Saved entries
--- START ---
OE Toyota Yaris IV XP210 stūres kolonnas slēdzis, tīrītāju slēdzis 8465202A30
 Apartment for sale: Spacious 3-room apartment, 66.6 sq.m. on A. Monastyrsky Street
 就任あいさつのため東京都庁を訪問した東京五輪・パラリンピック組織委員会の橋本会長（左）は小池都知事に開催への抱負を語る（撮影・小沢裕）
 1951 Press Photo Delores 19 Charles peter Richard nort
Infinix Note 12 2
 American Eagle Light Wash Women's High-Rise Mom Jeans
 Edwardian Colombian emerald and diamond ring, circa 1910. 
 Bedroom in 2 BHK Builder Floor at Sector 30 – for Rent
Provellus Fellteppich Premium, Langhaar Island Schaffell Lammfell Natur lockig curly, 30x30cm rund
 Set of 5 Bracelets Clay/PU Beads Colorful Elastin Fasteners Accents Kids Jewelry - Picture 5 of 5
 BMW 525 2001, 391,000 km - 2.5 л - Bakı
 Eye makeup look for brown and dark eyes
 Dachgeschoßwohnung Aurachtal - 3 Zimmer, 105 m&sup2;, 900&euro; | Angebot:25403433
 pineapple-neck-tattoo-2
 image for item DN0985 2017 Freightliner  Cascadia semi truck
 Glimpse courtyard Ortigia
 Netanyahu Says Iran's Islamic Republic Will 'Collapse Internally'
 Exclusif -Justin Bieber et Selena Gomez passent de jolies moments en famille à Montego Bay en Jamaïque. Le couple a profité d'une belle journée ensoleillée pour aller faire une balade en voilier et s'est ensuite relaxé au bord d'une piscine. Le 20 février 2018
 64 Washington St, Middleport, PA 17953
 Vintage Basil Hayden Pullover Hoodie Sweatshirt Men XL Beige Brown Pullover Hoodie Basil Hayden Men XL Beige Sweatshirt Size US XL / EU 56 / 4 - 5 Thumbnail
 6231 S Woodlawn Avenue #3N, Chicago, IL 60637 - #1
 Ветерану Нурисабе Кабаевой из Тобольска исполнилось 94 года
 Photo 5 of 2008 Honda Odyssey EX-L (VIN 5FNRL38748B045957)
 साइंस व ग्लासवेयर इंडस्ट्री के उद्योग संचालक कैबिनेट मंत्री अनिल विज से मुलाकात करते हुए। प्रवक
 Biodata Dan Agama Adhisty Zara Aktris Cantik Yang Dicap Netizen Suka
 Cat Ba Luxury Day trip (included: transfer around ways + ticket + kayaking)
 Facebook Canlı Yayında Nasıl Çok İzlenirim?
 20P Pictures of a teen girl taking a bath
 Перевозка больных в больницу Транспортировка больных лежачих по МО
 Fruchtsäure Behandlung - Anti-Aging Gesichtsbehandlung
--- END ---
**Exercise aim:** For every line of the records with the string "Photo", add one to a tally; give the final tally alone.

**Written solution:** 2